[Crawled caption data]

☆ ☆ ☆

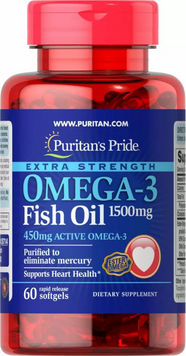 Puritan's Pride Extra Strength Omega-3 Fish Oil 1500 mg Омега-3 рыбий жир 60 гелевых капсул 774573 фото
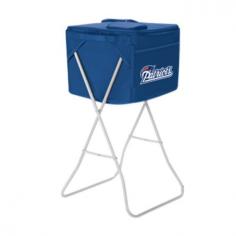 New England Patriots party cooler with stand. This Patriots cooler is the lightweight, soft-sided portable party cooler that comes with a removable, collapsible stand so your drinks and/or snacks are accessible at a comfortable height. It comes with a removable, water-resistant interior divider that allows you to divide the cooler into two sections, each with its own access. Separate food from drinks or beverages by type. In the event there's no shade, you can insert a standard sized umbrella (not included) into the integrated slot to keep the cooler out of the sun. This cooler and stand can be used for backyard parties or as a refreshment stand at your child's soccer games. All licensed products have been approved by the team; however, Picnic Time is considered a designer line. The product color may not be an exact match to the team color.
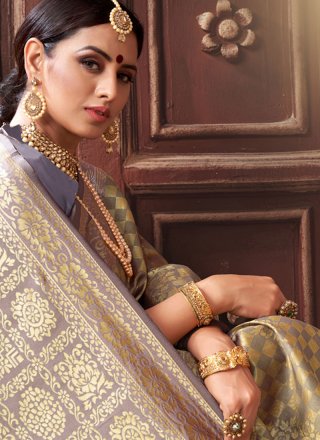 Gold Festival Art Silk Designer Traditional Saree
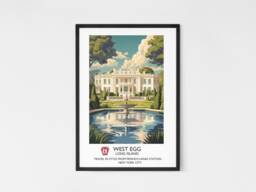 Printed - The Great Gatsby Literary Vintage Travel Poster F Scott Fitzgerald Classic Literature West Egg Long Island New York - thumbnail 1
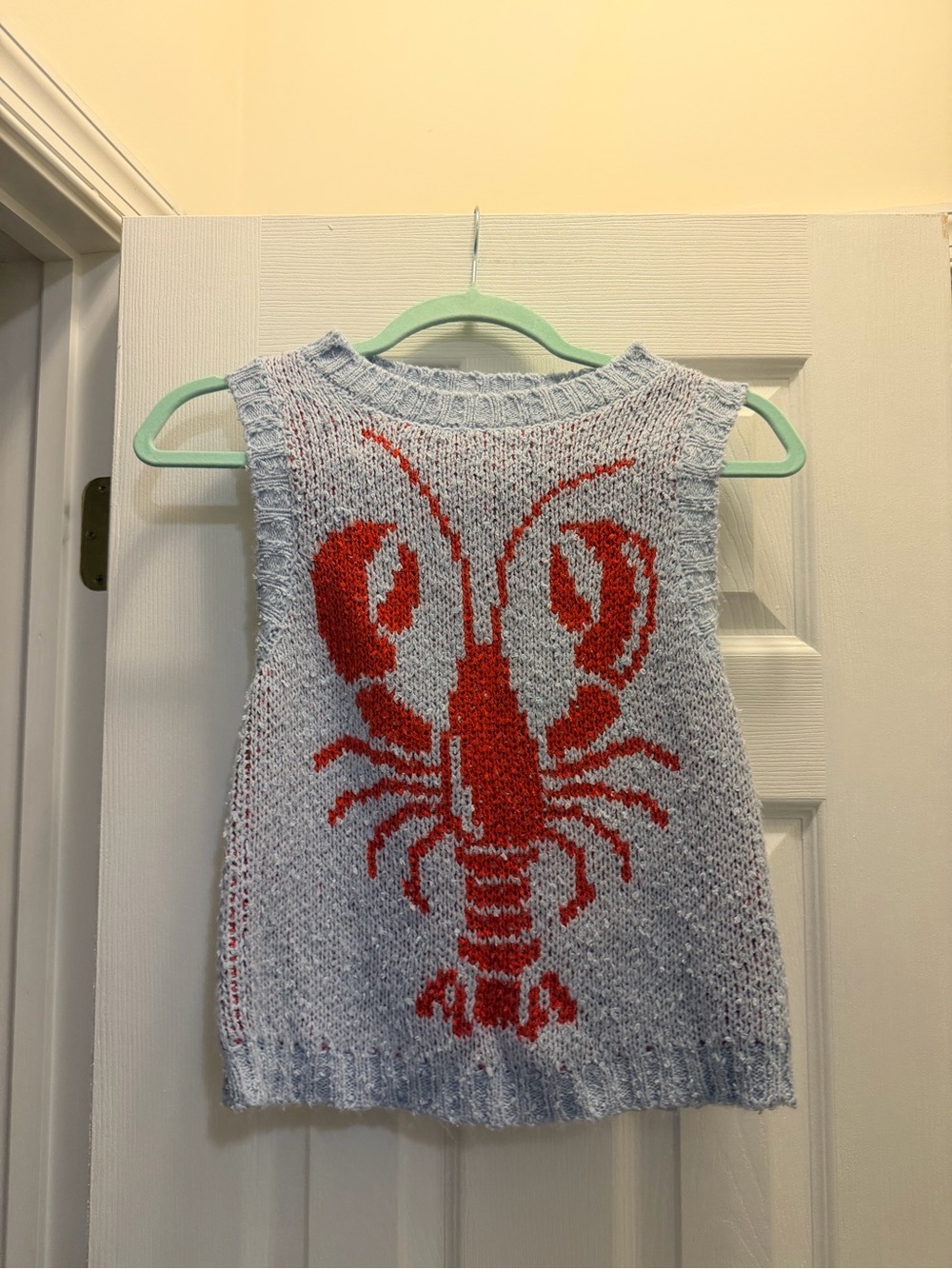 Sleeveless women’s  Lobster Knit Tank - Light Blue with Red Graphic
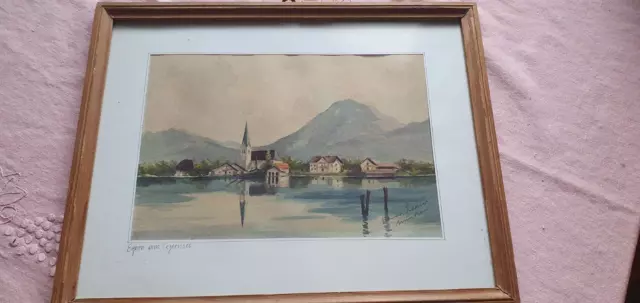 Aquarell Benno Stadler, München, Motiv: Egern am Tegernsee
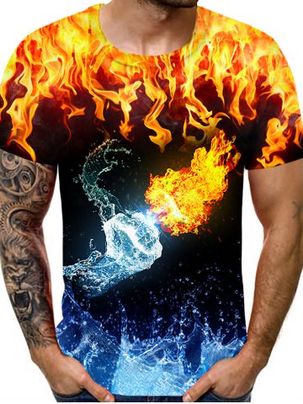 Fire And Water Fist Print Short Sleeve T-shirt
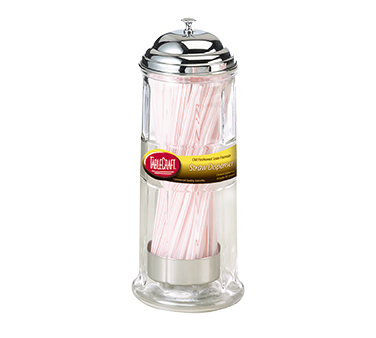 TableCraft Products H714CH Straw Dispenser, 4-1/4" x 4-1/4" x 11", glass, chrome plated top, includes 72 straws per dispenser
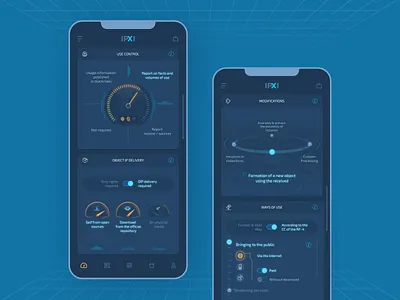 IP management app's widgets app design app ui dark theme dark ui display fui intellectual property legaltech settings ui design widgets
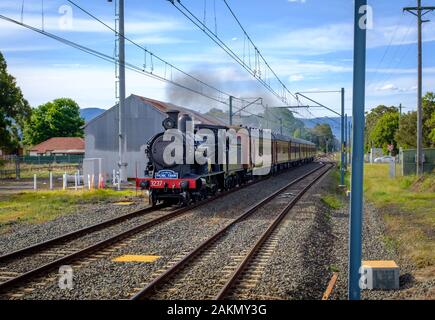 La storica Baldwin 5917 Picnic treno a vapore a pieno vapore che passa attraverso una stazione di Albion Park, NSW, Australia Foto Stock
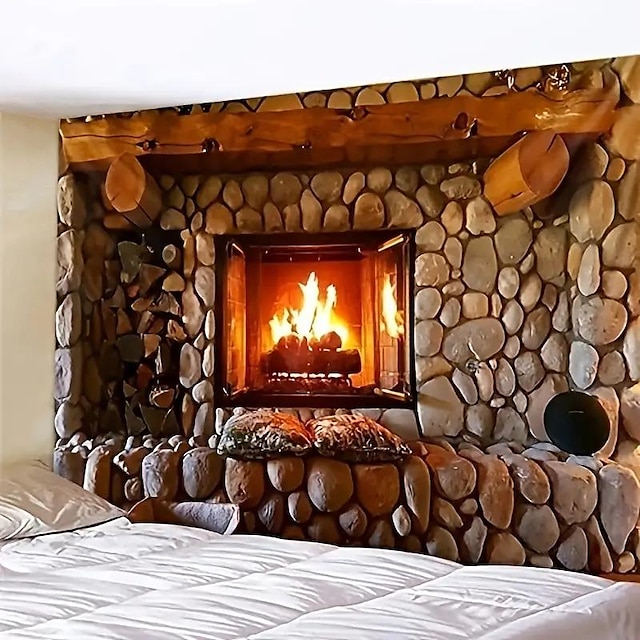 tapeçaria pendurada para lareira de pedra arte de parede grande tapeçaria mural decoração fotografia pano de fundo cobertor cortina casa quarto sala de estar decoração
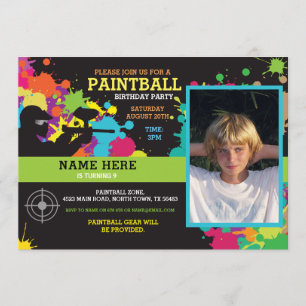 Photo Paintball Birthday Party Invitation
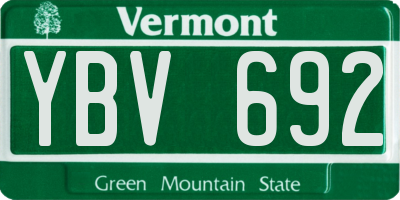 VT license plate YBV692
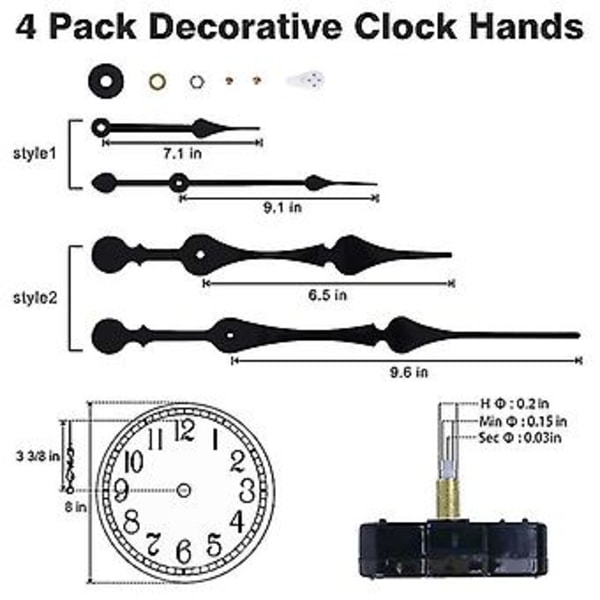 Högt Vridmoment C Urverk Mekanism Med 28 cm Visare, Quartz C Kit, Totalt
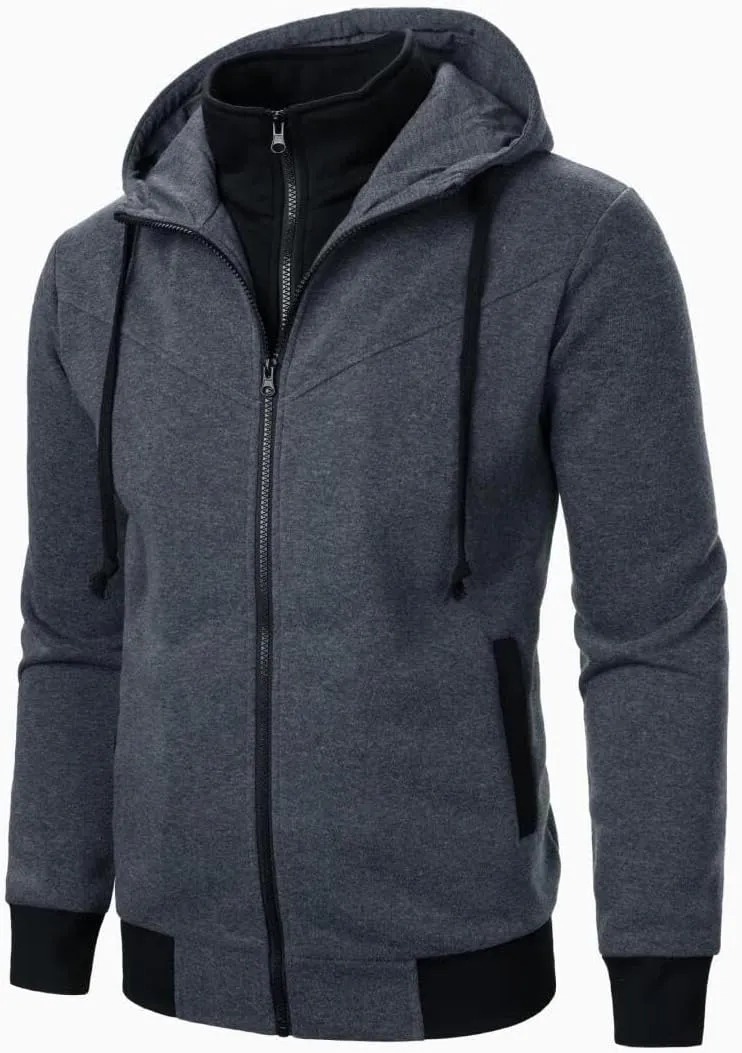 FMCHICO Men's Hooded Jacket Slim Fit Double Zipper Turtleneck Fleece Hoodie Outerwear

☆ ☆ ☆

Lines from the one containing "Aquarell Benno Stadler, München, Motiv: Egern" through the end of the entries above, both included, are to be written out exactly; no pictures and no other lines.

- _Your response_:
 Aquarell Benno Stadler, München, Motiv: Egern am Tegernsee
 Fire And Water Fist Print Short Sleeve T-shirt
 TableCraft Products H714CH Straw Dispenser, 4-1/4" x 4-1/4" x 11", glass, chrome plated top, includes 72 straws per dispenser
 IP management app's widgets app design app ui dark theme dark ui display fui intellectual property legaltech settings ui design widgets
 La storica Baldwin 5917 Picnic treno a vapore a pieno vapore che passa attraverso una stazione di Albion Park, NSW, Australia Foto Stock
 tapeçaria pendurada para lareira de pedra arte de parede grande tapeçaria mural decoração fotografia pano de fundo cobertor cortina casa quarto sala de estar decoração
 Photo Paintball Birthday Party Invitation
 VT license plate YBV692
 Högt Vridmoment C Urverk Mekanism Med 28 cm Visare, Quartz C Kit, Totalt
 FMCHICO Men's Hooded Jacket Slim Fit Double Zipper Turtleneck Fleece Hoodie Outerwear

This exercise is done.